Seagate Technology (NASDAQ:STX) and Western Digital (NASDAQ:WDC) are among the most unloved of the despised tech sector (justifying the "ugly sisters" label). The stocks are trading at ridiculously low price earnings multiples, which imply that they are on the verge of going out of business. What is interesting about these two companies is that, partly through acquisitions, they have each grown to a similar size. The two of them now dominate the hard disk drive industry, with a third smaller competitor (Toshiba) tagging along.
This duopoly plus a small fry pattern seems to characterize a number of industries and, once this market structure is attained, it seems to stabilize and be hard to change. WDC and STX are similar in other ways. They both have fiscal years ending at the end of June (June 29 this past year) which makes comparisons easier. They both recently acquired a large competitor (STX acquired the hard disk drive operations of Samsung: WDC acquired the hard disk drive operations of Hitachi). In each case this greatly increased capacity and sales volume. They each have been targeting some acquisitions upstream to better control input costs.
Anyhow, the table below provides per share data based on the full fiscal year ending this past June. The net cash and share count data are based on the most recent financial reports (for the quarter ending September, 2012) filed with the SEC. The other data is based on the annual reports for the fiscal year ending June 29, 2012, as filed with the SEC.
|Price||Div.||Div.
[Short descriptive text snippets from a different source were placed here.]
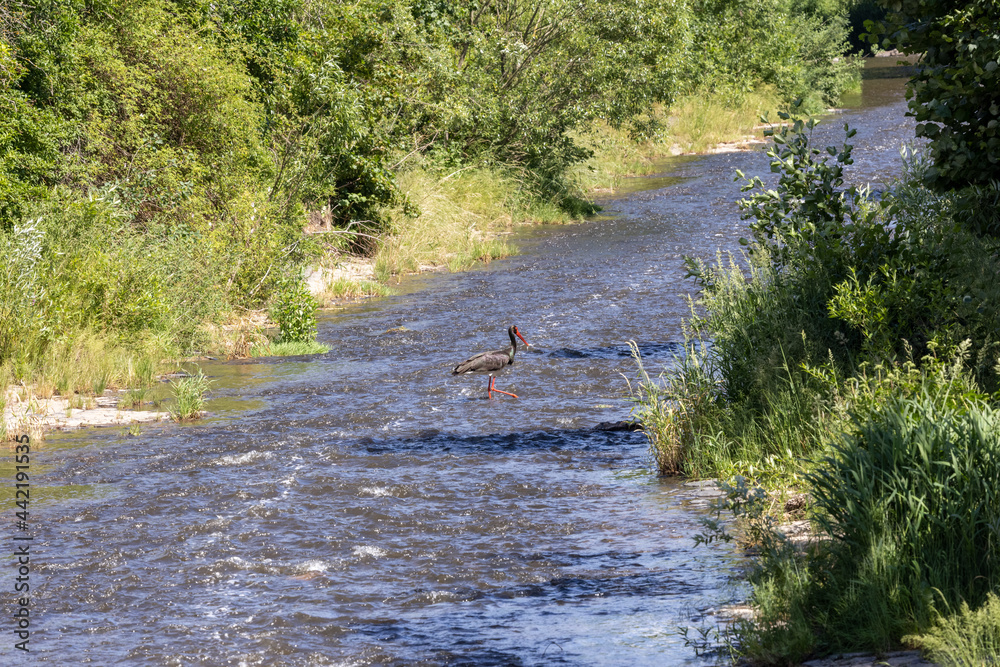 Ein Schwarzstorch mit schillerndem Gefieder in der Seitenansicht in einem Fluss auf der Nahrungssuche
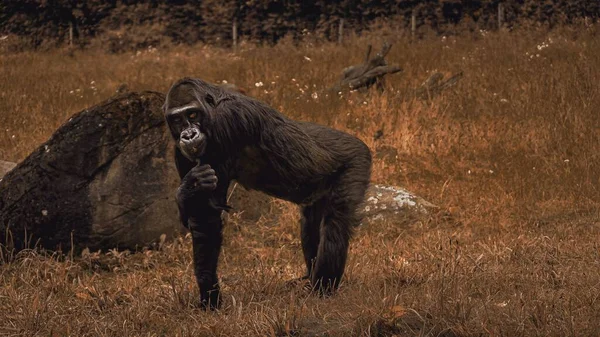 Egy Imádnivaló Kíváncsi Gorilla Száraz Mezőn — Stock Fotó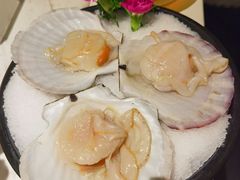-汤城·料青山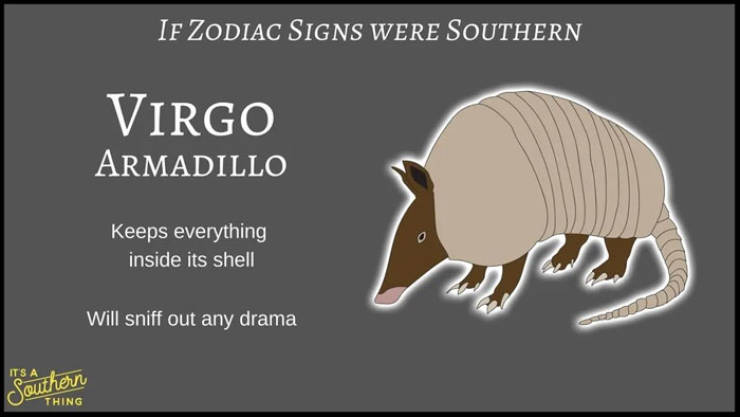 If Zodiac Signs Were Southern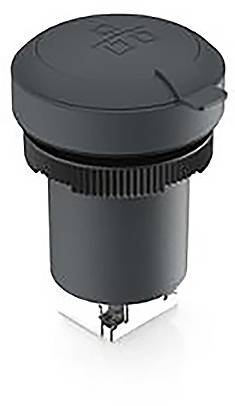 RAFI RAMO 22 F RAMO 22 F, RJ45, ronde band, frontring zwart, RJ 45 CAT 5 1.10.099.201/0011 Bus, inbouw Zwart 1 stuk(s)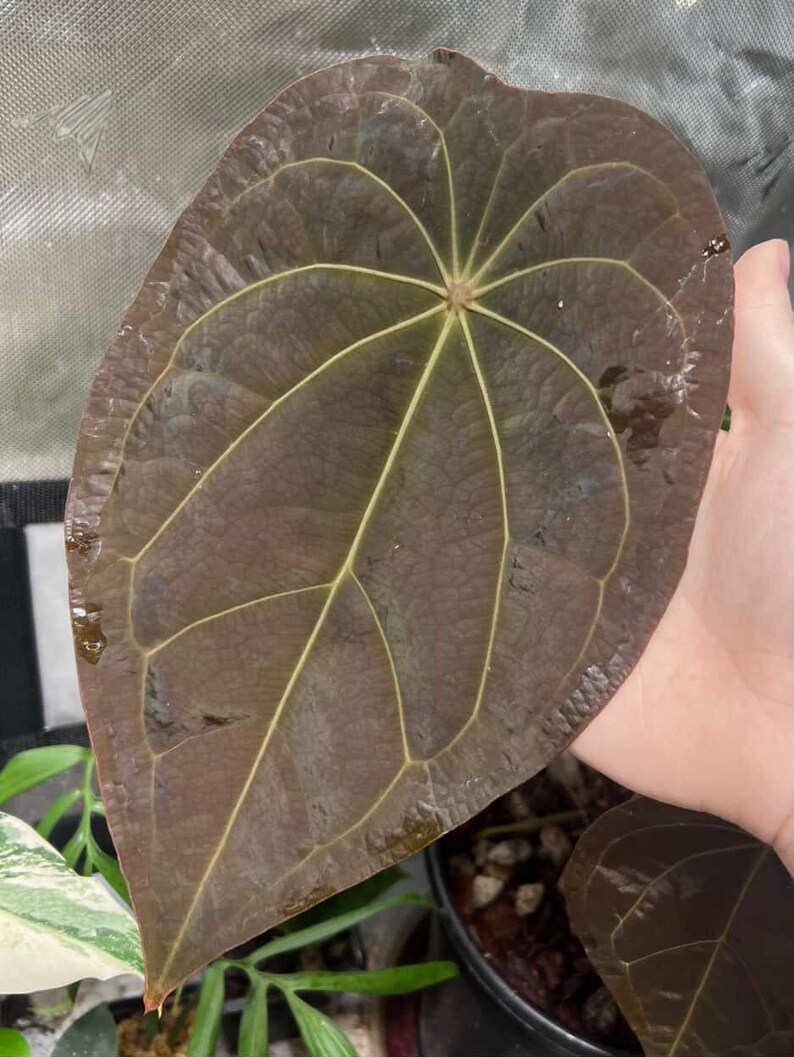Anthurium (AoS x Forgetii) x Michelle 2-3 Leaf Seedlings *Growers Choice* image 7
Yield||Rev.||Inc.||Net Cash||Share Count|
WDC has elected to use cash flow to pay down debt and build up balance sheet cash while STX has been more aggressive buying back stock and paying dividends. They each have plenty of cash flow for all of these purposes so it will be interesting to see what they do with their cash in the next couple of years. STX recently bought a large competitor by issuing a lot of stock and they have already bought back more than enough stock to offset the extra issuance. STX's price earnings ratio based on the last full fiscal year is an amazing 4.1. In fairness, it is universally acknowledged that fiscal 2012 was somewhat of an anomaly because of shortages and high prices for disk drives created by idiosyncratic circumstances and that this level of earnings is not sustainable. The table below provides consensus projected total revenue and earnings per share for the two companies for the present fiscal year (the year ending June, 2013, and the fiscal year ending June, 2014 from Yahoo Finance.
STX is certainly headed for a decline, but the consensus decline would still leave it trading at a little more than five times earnings. WDC is a bit larger and - because of its net balance sheet cash - actually has a lower Enterprise Value (WDC=$7.79B; STX=$10.94B). But. of course, STX has a much more generous dividend. You may hear investors debate the comparative merits of these two stocks. I think it is a silly debate and that an investor who is not so pessimistic about the sector's future prospects that he believes the low PEs are justified should just buy them both. By doing so, an investor minimizes competitive risk (the risk that WDC or STX will gain a big market share and margin advantage over the other) and can make a "bet" solely based on his view of whether the pricing is overly pessimistic given the prospects of the sector.
So the real issue is the fate of this sub-industry. The conventional wisdom is that the industry's fate is inexorably tied to the PC and that PC's are in decline as users switch to tablets which will not need hard disk drives. So, these valuations reflect the consensus "Short the PC!" sentiment which is very strong in the market right now. On the other hand, there are external storage needs for hard disk drives that seem to be growing and conventional storage is still cheaper than flash memory. WDC and STX are also in the solid state drive and hybrid drive markets as well. Consensus projections do not seem to foreshadow dire financial results and the normal decline one might see in margins and prices with lower demand may not materialize due to the recent changes in market structure. It will be interesting to see how the duopoly works out. Will the companies pile up huge cash hoards in order to deter one another from aggressive price action the same way incumbent Congressman raise lots of campaign money to deter primary opposition? More importantly, will the other demands for external storage assure a relatively "soft" landing?
In that regard, I have been hearing that the disk drive business is about to come to an ignominious and financially disastrous end for a number of years now and it appears that a number of smart investors as well as the consensus of analysts believe that a "soft" landing is more likely. It is sure nice not to have to count on growth in order to have one's investment thesis pay off and, with the above numbers, all you really need is a slow, rather than a fast, decline. Quarterly financial reports should be carefully analyzed for directional trends in revenue and margin and to determine each company's strategy for deploying free cash flow (share repurchases, build up of balance sheet cash, debt retirement, etc.). Based on current prices, I am long both of these. Of course, these stocks shouldn't sell for 15 times earnings, but 5 times earnings is just a little too cheap.